Review: An Oblique Approach (Belisarius book 1 of 6)

An Oblique Approach - David Drake, Eric Flint

Originally read April 20, 2014


I had rather hoped I would hate this book.  Seriously.  Many years ago, when I first purchased my Kindle, I downloaded dozens of books from the Baen free library.  That included the first four books in this series.  Those books, along with many other free and cheap books that I downloaded around that time period, have grown into an overwhelmingly large backlog of books that I’m still trying to work my way through.  So I thought, if I didn’t like this book, then I could delete the other three books and make a nice little dent in my list of unread books.  Of course, I could have just deleted them anyway.  Nobody is forcing me to read them.  But it seems like, since I have them, I should at least make the attempt.  Who knows?  I might really like them.


As it turned out, I really liked this book!  I didn’t expect to.  This is a military science fiction book set in sixth-century Earth.  The story centers around a real-life Roman general by the name of Belisarius, but quickly turns into an alternate history situation due to the science fiction element.  I enjoy science fiction, but I haven't read that many military stories and it's not something I would normally seek out.  Additionally, my knowledge of history is pathetic, so I don't have the background knowledge necessary to truly appreciate the cleverness of an alternate history story.  As I read, I found that the military aspect was quite pronounced whereas the science fiction element was barely there at all.  The science fiction element has a major underlying influence, and it wouldn’t be the same story without it, but it’s not front-and-center in the story and so at times I almost forgot about it. 

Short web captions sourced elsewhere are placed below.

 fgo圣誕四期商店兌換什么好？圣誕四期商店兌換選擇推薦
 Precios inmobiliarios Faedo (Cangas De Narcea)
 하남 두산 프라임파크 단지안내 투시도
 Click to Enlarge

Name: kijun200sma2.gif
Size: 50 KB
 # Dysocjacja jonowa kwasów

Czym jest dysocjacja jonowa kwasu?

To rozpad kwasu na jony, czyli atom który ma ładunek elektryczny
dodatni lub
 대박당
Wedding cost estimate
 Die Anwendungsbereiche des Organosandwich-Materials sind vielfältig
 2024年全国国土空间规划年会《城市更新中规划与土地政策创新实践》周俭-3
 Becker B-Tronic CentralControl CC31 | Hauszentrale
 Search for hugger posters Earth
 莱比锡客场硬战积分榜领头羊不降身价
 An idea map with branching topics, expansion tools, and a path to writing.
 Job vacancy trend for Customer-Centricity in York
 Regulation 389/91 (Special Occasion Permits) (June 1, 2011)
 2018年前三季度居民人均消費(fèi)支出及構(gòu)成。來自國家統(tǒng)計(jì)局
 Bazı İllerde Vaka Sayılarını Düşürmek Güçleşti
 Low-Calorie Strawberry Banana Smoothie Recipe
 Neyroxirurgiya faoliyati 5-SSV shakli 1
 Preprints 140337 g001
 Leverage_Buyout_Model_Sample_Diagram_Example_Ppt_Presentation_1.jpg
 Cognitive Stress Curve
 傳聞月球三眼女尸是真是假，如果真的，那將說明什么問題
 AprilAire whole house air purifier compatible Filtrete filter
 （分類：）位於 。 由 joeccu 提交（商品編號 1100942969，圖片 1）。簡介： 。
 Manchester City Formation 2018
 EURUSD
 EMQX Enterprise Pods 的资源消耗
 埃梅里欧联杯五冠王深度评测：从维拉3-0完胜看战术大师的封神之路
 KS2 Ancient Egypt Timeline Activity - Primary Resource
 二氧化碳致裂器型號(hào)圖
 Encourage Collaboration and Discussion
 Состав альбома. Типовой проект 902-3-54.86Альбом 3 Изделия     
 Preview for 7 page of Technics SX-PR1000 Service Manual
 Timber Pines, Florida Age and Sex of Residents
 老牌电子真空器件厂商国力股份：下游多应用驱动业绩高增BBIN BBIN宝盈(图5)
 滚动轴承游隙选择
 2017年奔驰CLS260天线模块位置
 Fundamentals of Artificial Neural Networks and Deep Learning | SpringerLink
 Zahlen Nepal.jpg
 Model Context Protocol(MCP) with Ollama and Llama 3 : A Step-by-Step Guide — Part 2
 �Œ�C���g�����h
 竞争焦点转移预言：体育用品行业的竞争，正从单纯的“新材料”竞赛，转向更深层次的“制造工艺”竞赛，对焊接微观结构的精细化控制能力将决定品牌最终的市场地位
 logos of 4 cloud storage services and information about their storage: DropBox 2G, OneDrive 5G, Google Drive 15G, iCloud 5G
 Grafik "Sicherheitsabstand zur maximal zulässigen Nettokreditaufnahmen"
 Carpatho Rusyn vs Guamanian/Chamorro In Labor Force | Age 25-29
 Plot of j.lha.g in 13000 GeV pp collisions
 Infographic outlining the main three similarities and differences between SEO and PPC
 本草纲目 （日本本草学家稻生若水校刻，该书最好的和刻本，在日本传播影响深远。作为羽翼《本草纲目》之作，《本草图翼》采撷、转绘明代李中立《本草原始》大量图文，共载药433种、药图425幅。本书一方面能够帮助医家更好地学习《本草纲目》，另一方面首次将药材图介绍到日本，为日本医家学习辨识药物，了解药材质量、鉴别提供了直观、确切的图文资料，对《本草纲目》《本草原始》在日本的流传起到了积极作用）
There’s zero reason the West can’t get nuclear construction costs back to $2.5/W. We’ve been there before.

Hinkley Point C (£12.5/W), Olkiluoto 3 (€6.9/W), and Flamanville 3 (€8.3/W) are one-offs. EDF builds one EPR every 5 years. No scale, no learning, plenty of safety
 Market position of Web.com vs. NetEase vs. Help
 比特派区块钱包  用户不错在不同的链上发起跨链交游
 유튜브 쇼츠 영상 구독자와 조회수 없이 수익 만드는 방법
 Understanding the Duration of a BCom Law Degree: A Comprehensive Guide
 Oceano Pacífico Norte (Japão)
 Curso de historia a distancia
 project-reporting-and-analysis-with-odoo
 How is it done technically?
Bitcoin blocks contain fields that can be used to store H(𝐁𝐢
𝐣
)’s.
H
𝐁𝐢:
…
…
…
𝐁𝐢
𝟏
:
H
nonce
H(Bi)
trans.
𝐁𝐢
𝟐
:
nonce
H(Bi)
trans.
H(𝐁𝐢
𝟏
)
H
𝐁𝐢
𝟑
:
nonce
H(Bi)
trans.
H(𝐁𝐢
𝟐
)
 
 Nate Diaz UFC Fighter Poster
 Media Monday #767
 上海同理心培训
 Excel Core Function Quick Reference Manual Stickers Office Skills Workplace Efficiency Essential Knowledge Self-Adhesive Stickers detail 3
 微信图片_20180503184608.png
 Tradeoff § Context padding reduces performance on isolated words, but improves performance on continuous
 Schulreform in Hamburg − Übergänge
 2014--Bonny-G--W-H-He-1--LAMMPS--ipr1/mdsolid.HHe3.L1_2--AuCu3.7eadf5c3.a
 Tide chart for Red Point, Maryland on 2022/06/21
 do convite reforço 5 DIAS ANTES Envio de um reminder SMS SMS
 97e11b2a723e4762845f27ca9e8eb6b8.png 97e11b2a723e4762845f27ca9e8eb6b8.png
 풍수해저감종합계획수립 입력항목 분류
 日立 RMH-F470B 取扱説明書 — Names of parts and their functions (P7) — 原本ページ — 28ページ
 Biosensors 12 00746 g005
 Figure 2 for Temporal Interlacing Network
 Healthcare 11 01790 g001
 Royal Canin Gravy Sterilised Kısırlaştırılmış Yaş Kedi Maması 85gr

So, on the surface, this wasn't a book I would expect to like.  However, I really enjoyed the story and, most of all, the characters.  Their dialogue was funny -- often "laugh-out-loud-uproariously-like-a-total-geek" funny.  I cared about the characters, and I was always eager to find out what would happen next.  I even enjoyed the military parts, because it wasn’t just death and mayhem.  There were tactics and strategies and interesting character interactions.  Maybe I like military stories after all.


In spite of how much I enjoyed the story, I did sometimes feel like things were a little too over-the-top.  There was a lot of black and white in the story and not many shades of gray.  Brilliant, amazing heroes of great skill.  Horrible, vile villains who couldn’t see past their own evil desires which brought about their ultimate downfall.  It also seemed like everything Belisarius did worked out exactly as he planned.  Of course, he was a brilliant, amazing general of great skill.  And he had brilliant, amazing allies of great skill.  And he had some additional advantages as well.  But I kept expecting some missteps or setbacks.  The lack thereof was unrealistic enough to sometimes pull me out of the story.  These are the main reasons this book didn’t get a five-star rating from me.  However, despite that, I always found myself rooting for everything to go well for the heroes even while I was complaining internally that things always went well for the heroes.


The story may be a little lacking in realism and grit and despair, but it was a very fun story and it made for a good change of pace.  I’m glad I gave it a try and didn’t just delete it with the assumption that I wouldn’t like it.  It looks like I won’t be deleting those other three books, either!